Why I Favor Keeping the National Debt as Low as Possible
I believe the national debt should be near zero most of the time. I think that the country should run a deficit only during recessions (someone has to prime the pump), times of extreme danger (e.g., a war against an opponent that is truly dangerous), or when there is an extraordinary investment opportunity e.g., the Louisiana Purchase). The rest of the time, the government should run a small surplus to pay down the deficits it ran during those rare occasions.
Obviously, debt imposes some cost – in the future, interest and principal payments must be dealt with. But why not keep debt “manageable” as many have suggested? Why this desire on my part for keeping it near zero?
Here are the reasons I take this fiscally conservative position:
1. Once you start down the path of running up the debt, its easy to continue (see exhibits entitled: “Reagan, St. Ronald the” and “Bush, George W.”) It took 16 years – from 1964 to 1980, to reduce debt held by the public as a percentage of GDP from 40.1% to 26.1%. Yet it took only eight years – from 1980 to 1988 to go back from 26.1% to 41%.
2. Piling up debt is easier than making hard choices. That adds further inducement to potentially profligate presidents to avoid those hard choices.
3. Government spending (at cost) is a component of GDP (see the BEA’s NIPA Table 1.5.6).

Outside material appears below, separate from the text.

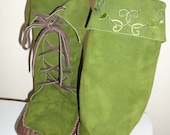 Forest Elf Moss Green Elf Boots Handmade moccasins brown leather soles with vine detail  order your size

An unscrupulous president can pull a Reagan – borrowing and spending a fortune, and that president will, at least in the short term, boost growth rates. This makes it hard to determine what other things each president did that was a good or poor policy by making comparisons between administrations (and their policies) difficult, both because of the artificial boost in the current GDP growth, and because of the future reduction in GDP growth (when interest and principal payments become an issue).
4. One reason that individuals or companies borrow is because there are positive tax ramifications. The US government does not have any tax benefits from borrowing.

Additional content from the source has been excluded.